One does not need to make assumptions. One tests and verifies, then
one sets appropriate timeouts based on empirical proof.

To be honest, and no insult intended, the only time I could ever
understand not having a timeout is if one is blindly sending and
receiving data with no protocols to define what is being sent or
received. now that's mad. Neither the client nor the server knows for
sure what the other one sent or received.

Client: [HEY, SERVER]
Server: [WHAT?]
Client: [I HAVE SOME DATA FOR YOU!]
Server: [OH HUM! OK, SEND IT, BUT TERMINATE IT WITH XYZ SO I KNOW I'VE GOT IT!]
Client: Sends data and [XYZ]
Server: [OH HUM! OK, I GOT IT!]
Client: [BYE]
Server: <hangs up the phone>

That is a protocol, as daft as it looks.

> This is the point of view of an operating system or a
> general purpose language.

The point of view of the general purpose language is irrelevant
because it should have no point of view whatsoever about how long it
should take to transmit or receive some data. Whereas the gb3 socket
has the point of view that it should take an infinite amount of time
to transfer a single byte.

> In fact, most OSes and languages let you
> specify buffer dimensions and timeouts (and blocking or non-blocking
> options, and many other). In most of your thoughts, you specifically
> refer to a single, relatively simple situation.

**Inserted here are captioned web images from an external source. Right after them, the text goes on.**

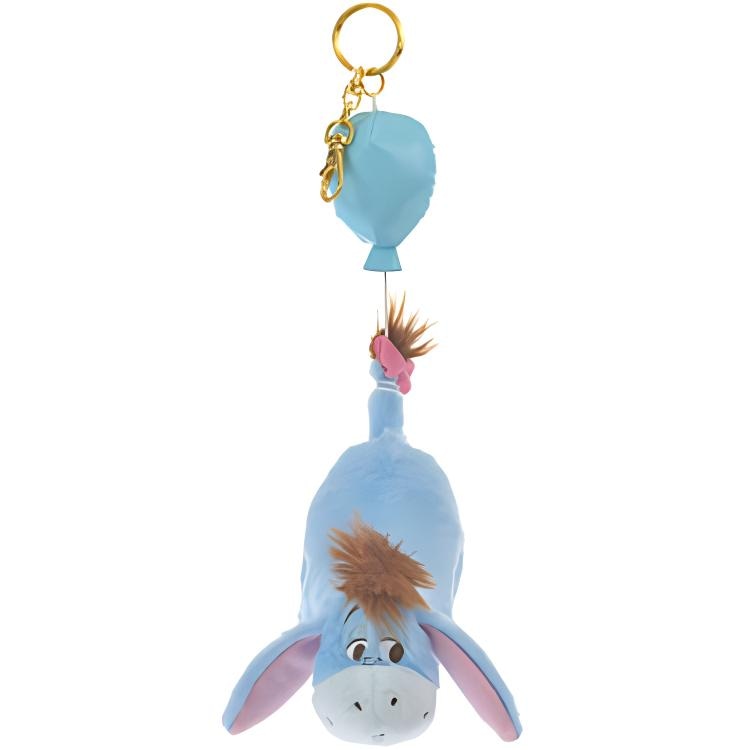 Disney/迪士尼 Disney 15.5cm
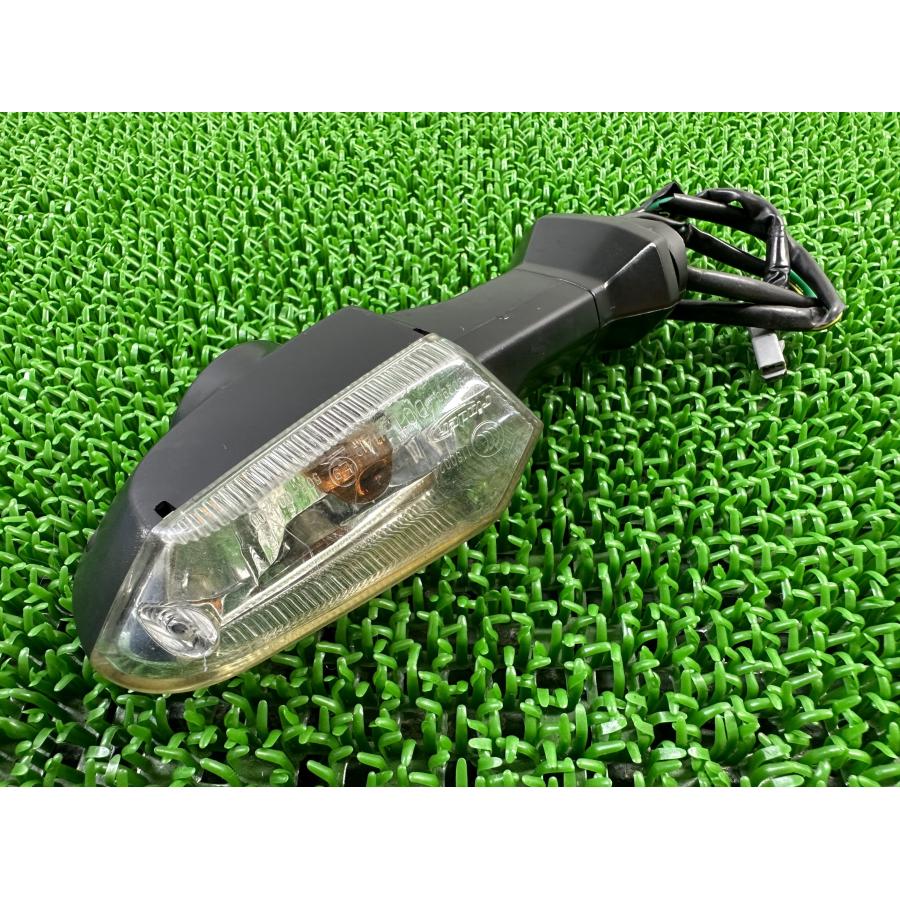 カワサキ（Kawasaki） NINJA250SL リアウインカー 右 004200/90290
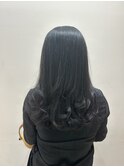 メテオストカールメテオ方―50代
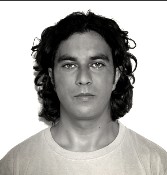 EMMANUEL VARDAKIS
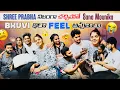 Lagu Shree Prabha నిజంగా చచ్చిపోతే Sana Mounika \u0026 Bhuvi ఇలా Feel అవుతారా? So Sad 😭 |Emotional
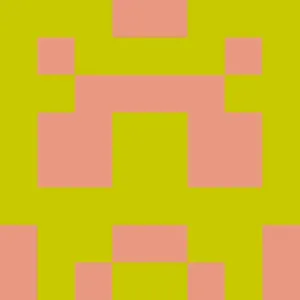 @881155's avatar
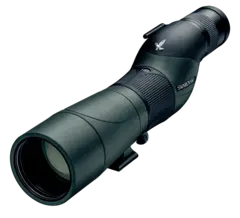 Swarovski ATS/STS 65 separate okular
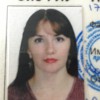 Picture of Вдовченко Любовь Константиновна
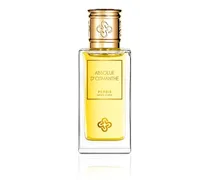 Absolue D'Osmanthe Parfum 50 ml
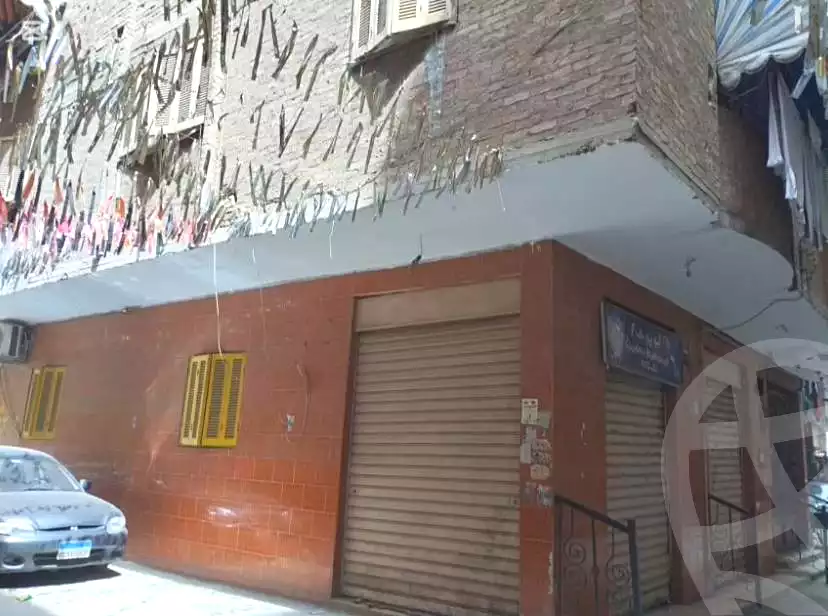 https://aqarmap.com.eg/en/listing/6467255-for-sale-cairo-faisal-el-tawabeq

That's only for now. The proxy sits between unknown clients and
unknown servers that have defaults for the numbers of sockets they
will create or accept. Without a timeout I cannot have a client create
4 sockets to a remote server if the remote server only accepts two
connections from any one IP address, unless the remote server sends an
explicit rejection message for that socket, and since the remote
server is unknown, I cannot even guarantee that the remote server will
do such a thing because, even if the protocol says the remote server
must send a rejection message, I have no way of knowing that the
remote server is fully protocol compliant.

> Why not! A single
> situation is a nice situation to speak about, but there are many
> different. I think that non-blocking sockets are good for the example
> you sent in this list; but for your real application (a proxy, right?),
> a non-blocking system, with no timeouts except for errors, would be
> better suited. Just my thought.

Without a timeout I cannot create more than a single socket and be
certain that the remote server will accept it. I would be very happy
if socket (Socket and ServerSocket) accepted timeouts and raised
errors when the connection timed out, where timeout means a period of
time where there is no activity while a send or receive is in
progress. That, btw, is why Linux socket implements both a send and a
receive timeout.

Regards,